§ EXERCISE INSTRUCTIONS
Retype exactly the lines below, starting with the line that contains "Foto del edificio - 8811 Wonderland Ave" and ending with the last line; leave out any pictures.

§ SUPPLIED MATERIAL
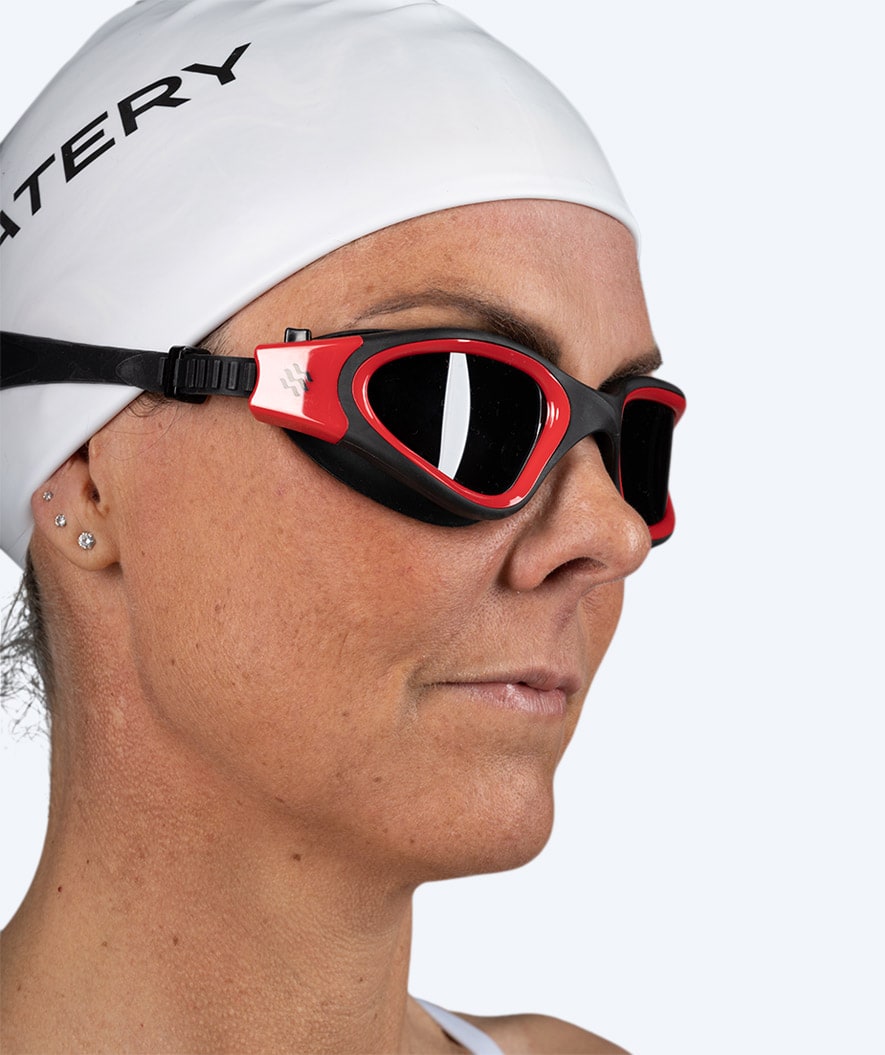 Watery Schwimmbrille für Freizeitschwimmer - Raven Active - Schwarz/Rot 1.0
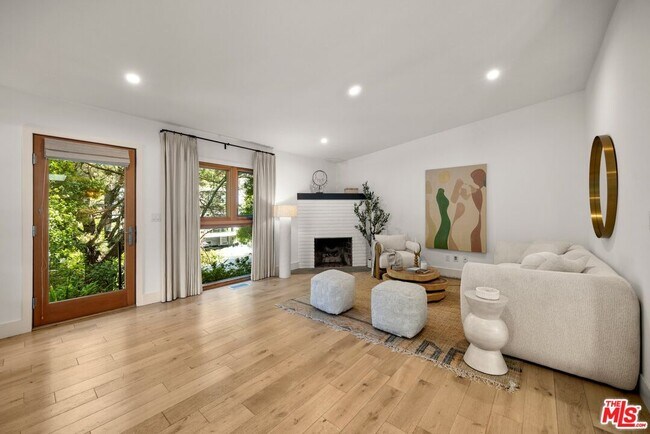 Foto del edificio - 8811 Wonderland Ave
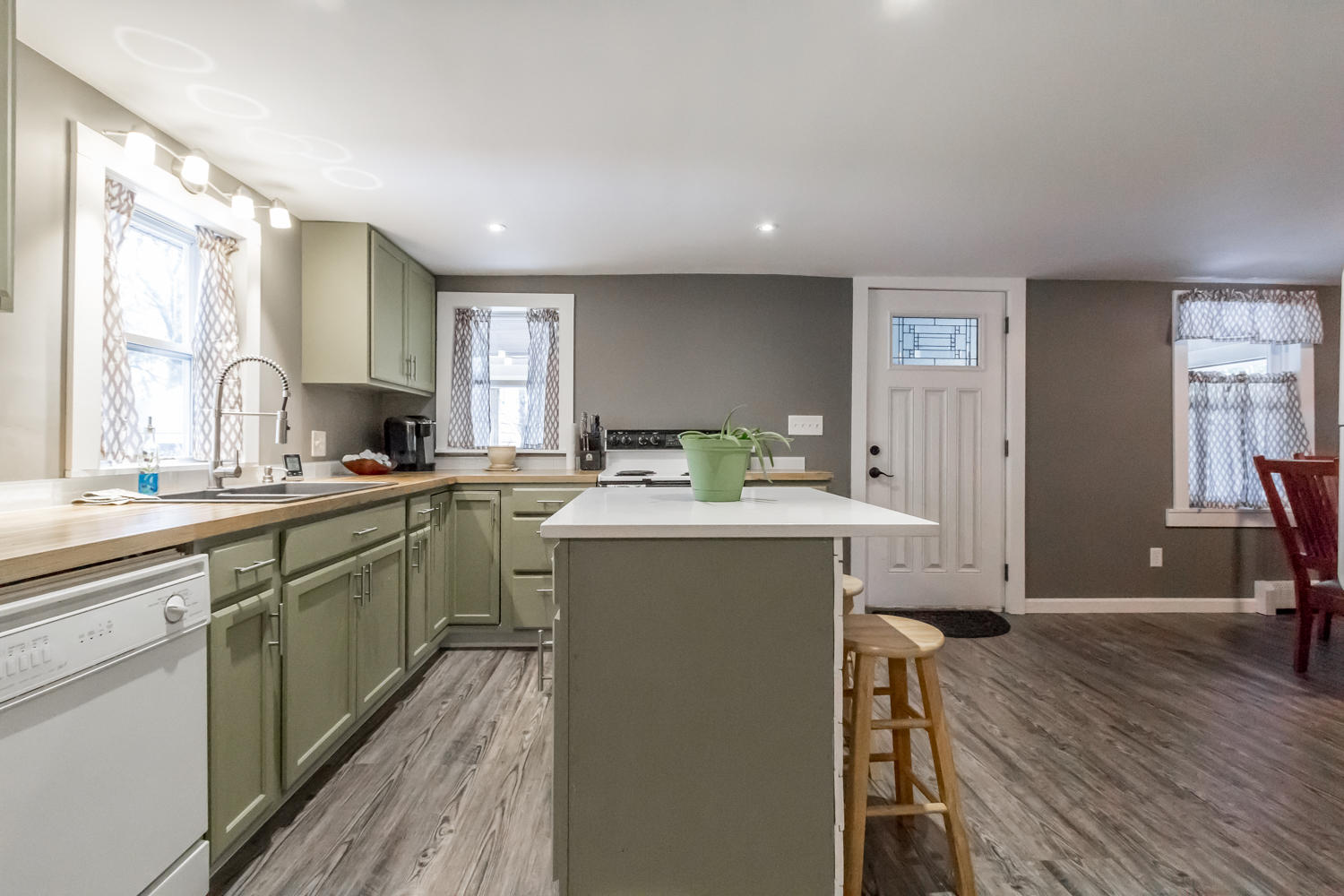 316 East Hardscrabble Road Auburn, ME 04210 - Photo 6 of 34 20190514rf-71015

§ SOLUTION BELOW
 Foto del edificio - 8811 Wonderland Ave
 316 East Hardscrabble Road Auburn, ME 04210 - Photo 6 of 34 20190514rf-71015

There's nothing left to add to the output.